Il en résulte que les actes des autorités municipales restèrent régis, pour une grande part et jusqu'au début du XXe siècle, par le droit civil et non par le droit administratif10(*).


* 5 Seule faisait exception la ville de Paris, dont le régime devait être fixé par la loi des 21 mai-27 juin 1790 organisant la municipalité de Paris.

* 6 Loi du 14 décembre 1789 relative à l'organisation des communes du royaume de France. Les citoyens actifs devaient être définis par la loi du 22 décembre 1789 relative à la constitution des assemblées primaires et des assemblées administratives comme les Français de sexe masculin de vingt-cinq ans révolus, domiciliés depuis plus d'un an dans le canton de l'élection et ayant payé une contribution directe de la valeur locale de trois journées de travail.

* 7 L'organisation administrative du royaume ne fut pas fixée avant plusieurs années, en raison de l'imprécision de la notion de « communauté de campagne » et de pratiques divergentes d'un département à l'autre. Comme l'écrit Antoine Follain, « le chiffre de 40 000 communes est le plus souvent avancé sans aucune référence ni date précise. Il constitue effectivement l'ordre de grandeur de la « division communale » mais pour notre part, nous n'avons pu sérieusement établir ni la liste ni le nombre des communes par département pour 1790. On trouve trop de listes incohérentes et de changements à quelques mois de distance pour en tirer une statistique. Il n'y a d'ailleurs rien de surprenant à cette confusion car en réalité la division communale n'était pas “arrêtée” en 1790 » (« Les communautés rurales en France du XVe au XIXe siècle », Histoire et société rurales, n° 12, 1999, p. 48). Seul l'établissement du cadastre, entamé sous le Consulat et achevé sous la monarchie de Juillet, permit de stabiliser les frontières communales (voir Vincent Aubelle, Intercommunalités. Des projets aux pratiques, pp. 52-55).
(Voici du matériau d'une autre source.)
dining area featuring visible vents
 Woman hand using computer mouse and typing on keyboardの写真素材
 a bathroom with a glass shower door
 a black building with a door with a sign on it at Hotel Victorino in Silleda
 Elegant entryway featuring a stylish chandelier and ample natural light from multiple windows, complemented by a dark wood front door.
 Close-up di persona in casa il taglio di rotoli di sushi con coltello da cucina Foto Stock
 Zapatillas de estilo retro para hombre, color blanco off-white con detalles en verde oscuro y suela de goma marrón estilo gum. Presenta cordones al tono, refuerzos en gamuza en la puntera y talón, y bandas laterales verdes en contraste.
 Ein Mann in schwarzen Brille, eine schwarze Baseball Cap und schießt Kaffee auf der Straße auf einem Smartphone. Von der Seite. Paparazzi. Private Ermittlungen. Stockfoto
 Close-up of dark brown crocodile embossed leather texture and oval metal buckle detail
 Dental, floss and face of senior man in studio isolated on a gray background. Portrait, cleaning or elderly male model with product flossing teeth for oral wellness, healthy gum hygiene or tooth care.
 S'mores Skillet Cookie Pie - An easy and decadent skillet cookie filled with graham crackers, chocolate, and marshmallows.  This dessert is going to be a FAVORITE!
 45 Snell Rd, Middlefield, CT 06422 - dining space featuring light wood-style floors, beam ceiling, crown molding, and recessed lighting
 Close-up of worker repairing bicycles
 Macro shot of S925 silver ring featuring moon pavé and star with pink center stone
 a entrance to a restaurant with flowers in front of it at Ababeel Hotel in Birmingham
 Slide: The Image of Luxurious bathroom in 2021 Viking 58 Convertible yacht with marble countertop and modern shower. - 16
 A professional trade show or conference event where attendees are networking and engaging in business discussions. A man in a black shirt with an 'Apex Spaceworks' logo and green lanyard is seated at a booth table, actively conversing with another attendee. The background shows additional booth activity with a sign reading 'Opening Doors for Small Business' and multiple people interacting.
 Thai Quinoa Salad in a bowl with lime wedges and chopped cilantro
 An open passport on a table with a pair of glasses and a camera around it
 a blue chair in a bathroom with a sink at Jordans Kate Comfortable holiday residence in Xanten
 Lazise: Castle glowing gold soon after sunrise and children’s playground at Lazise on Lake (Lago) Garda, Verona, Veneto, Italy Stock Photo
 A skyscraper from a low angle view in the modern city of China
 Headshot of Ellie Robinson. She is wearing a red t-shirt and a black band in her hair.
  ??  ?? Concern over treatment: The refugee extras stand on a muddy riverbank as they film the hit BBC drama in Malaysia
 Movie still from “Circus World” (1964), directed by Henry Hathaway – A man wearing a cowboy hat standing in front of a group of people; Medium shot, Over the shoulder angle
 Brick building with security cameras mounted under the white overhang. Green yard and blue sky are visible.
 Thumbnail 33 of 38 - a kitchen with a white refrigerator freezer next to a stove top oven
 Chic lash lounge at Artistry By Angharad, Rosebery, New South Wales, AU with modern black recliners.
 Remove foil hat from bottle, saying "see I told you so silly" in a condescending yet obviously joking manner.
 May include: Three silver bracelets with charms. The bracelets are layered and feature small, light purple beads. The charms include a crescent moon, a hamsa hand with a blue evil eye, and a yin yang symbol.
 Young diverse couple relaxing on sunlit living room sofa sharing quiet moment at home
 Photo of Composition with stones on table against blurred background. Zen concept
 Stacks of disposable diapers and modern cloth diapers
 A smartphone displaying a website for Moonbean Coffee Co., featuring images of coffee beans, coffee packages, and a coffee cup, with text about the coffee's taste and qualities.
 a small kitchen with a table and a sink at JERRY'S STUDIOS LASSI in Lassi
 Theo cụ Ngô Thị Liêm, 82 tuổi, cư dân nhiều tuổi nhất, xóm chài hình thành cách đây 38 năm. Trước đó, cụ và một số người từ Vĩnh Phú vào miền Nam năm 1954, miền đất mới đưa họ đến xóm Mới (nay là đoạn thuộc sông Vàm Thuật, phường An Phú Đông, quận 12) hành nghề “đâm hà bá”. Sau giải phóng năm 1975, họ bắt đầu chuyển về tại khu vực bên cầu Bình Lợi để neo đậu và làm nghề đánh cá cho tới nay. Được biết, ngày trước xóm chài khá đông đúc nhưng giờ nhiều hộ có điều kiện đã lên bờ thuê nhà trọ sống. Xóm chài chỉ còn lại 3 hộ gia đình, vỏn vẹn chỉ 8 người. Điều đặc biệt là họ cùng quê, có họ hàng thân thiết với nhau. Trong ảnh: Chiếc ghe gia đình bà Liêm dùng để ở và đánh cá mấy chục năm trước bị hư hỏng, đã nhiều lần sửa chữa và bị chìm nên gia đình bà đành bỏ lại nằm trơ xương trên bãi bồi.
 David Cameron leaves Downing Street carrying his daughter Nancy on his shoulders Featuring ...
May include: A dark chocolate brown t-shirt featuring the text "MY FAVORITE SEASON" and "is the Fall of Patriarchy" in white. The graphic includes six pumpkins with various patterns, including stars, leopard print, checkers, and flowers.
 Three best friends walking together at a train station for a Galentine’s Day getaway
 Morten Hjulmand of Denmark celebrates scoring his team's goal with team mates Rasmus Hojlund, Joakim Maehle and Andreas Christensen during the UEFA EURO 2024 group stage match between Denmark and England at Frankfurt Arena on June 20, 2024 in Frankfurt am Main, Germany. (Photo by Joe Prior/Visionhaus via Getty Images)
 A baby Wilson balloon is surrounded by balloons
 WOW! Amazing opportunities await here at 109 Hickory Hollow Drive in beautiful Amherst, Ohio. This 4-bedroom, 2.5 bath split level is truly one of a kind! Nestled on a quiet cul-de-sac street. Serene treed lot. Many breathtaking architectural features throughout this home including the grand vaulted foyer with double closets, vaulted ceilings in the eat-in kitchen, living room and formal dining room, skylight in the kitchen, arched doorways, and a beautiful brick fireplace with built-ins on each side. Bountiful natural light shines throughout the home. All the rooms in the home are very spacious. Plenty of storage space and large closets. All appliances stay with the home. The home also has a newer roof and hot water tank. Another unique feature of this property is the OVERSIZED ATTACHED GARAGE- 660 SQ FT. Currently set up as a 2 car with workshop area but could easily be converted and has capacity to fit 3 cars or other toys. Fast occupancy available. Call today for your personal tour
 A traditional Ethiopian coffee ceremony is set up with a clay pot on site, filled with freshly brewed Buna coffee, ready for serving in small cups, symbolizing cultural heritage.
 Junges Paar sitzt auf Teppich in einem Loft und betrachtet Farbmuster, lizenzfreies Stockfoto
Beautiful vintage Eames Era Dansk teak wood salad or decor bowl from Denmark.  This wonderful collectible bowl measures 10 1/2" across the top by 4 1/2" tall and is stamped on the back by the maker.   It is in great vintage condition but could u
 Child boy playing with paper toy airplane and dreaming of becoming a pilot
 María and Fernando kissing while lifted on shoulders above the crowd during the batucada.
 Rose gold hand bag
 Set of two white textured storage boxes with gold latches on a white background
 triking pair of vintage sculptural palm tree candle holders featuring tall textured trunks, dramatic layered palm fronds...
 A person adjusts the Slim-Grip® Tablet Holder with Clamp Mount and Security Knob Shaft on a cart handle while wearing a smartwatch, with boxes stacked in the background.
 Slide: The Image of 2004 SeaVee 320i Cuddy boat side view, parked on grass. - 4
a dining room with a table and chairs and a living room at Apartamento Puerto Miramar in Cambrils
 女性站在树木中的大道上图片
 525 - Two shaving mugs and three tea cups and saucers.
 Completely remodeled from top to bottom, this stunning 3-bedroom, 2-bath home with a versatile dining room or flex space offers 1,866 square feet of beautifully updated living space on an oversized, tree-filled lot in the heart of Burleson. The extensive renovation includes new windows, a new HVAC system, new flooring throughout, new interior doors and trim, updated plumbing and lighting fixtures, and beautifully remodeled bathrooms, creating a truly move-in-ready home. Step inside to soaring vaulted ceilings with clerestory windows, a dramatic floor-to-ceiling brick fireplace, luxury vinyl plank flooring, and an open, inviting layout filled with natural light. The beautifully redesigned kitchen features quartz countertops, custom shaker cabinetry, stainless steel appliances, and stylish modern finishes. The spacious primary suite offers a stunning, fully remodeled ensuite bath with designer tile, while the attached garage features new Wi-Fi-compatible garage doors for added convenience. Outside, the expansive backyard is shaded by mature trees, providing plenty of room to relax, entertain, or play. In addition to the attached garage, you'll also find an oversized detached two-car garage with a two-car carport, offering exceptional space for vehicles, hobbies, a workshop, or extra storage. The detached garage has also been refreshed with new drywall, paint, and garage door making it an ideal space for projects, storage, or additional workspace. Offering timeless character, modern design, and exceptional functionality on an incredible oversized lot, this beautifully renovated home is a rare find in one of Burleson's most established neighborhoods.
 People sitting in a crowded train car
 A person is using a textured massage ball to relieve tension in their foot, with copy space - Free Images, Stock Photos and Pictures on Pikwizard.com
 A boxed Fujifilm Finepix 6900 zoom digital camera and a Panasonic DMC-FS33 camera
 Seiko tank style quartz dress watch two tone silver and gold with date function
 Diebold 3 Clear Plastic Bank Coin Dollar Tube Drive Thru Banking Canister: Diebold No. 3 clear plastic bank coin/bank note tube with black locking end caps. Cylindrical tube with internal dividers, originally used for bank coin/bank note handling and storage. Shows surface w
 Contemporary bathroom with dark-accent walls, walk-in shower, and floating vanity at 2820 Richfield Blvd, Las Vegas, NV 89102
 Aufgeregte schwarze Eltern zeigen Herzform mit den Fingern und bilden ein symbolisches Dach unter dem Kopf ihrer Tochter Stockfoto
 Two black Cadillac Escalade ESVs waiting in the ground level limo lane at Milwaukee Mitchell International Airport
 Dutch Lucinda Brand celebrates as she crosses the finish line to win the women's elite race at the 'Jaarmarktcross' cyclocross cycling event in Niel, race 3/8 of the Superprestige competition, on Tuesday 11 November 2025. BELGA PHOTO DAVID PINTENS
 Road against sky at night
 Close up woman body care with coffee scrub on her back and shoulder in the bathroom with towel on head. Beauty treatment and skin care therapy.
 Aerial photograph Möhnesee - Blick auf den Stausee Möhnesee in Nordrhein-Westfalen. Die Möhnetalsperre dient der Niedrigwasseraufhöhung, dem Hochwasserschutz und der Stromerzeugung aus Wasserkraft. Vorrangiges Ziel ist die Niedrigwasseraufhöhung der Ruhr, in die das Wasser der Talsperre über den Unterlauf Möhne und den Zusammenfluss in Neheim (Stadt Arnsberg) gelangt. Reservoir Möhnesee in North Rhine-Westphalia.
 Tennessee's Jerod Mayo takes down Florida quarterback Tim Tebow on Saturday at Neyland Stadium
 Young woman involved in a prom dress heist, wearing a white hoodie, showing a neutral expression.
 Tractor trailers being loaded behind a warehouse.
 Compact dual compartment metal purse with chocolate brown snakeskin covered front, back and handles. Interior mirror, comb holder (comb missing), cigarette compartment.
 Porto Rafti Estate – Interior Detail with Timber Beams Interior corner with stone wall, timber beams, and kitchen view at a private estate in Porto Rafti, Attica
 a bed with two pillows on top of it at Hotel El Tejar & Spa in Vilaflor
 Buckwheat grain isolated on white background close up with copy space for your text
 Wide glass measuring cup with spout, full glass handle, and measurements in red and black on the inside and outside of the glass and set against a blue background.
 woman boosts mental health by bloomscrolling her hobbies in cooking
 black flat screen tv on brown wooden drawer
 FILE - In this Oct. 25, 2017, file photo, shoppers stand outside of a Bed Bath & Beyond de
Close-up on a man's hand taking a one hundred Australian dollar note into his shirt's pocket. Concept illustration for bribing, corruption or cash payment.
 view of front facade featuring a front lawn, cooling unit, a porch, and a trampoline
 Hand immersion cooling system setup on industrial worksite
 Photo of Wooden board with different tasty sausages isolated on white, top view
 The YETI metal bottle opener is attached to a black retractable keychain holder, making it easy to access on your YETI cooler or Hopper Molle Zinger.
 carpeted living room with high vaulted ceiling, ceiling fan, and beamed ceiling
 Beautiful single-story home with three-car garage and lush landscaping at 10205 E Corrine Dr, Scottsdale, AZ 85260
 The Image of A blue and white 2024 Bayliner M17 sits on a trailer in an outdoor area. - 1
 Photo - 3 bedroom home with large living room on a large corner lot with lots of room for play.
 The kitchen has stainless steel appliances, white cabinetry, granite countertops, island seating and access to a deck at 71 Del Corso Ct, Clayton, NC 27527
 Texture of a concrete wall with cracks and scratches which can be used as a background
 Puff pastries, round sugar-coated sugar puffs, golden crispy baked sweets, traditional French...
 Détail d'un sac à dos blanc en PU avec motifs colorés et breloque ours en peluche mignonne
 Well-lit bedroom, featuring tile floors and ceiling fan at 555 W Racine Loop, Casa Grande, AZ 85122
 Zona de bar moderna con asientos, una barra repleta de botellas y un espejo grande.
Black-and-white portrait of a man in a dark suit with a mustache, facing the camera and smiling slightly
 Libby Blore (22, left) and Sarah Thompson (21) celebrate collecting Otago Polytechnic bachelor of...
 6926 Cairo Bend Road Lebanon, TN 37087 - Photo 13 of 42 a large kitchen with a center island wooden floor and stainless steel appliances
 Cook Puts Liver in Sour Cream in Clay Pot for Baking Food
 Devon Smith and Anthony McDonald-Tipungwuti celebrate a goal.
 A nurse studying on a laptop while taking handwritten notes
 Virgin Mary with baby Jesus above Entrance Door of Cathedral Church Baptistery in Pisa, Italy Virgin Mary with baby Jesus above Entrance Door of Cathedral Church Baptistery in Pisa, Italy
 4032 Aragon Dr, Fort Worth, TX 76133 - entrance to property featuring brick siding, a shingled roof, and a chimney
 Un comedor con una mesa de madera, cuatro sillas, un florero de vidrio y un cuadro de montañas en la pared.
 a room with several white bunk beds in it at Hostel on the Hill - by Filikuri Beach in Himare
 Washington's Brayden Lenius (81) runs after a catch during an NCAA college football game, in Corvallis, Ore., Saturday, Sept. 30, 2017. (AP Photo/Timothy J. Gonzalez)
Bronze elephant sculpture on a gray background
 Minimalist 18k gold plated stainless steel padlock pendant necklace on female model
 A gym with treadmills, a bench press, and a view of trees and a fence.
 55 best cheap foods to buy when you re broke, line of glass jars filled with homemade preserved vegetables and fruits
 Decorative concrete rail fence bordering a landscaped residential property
* 8 René Chapus, Droit administratif général, tome 1, 15e édition, Paris, Montchestien, 2001, pp. 245-246.

* 9 Nicolas de Condorcet, Sur la formation des communes, 1789, dans OEuvres complètes, t. 15, Brunswick, Vieweg et Paris, Henrichs, Koenig et Levrault, Schnoell et cie, 1804, p. 191.

* 10 Le juge administratif ne se reconnaissait compétent qu'à l'égard des actes d'« autorité », tels que les mesures de police administrative et les décisions prises à l'égard des fonctionnaires communaux. Cet état du droit subsista jusqu'à la décision Terrier du Conseil d'État du 6 février 1903.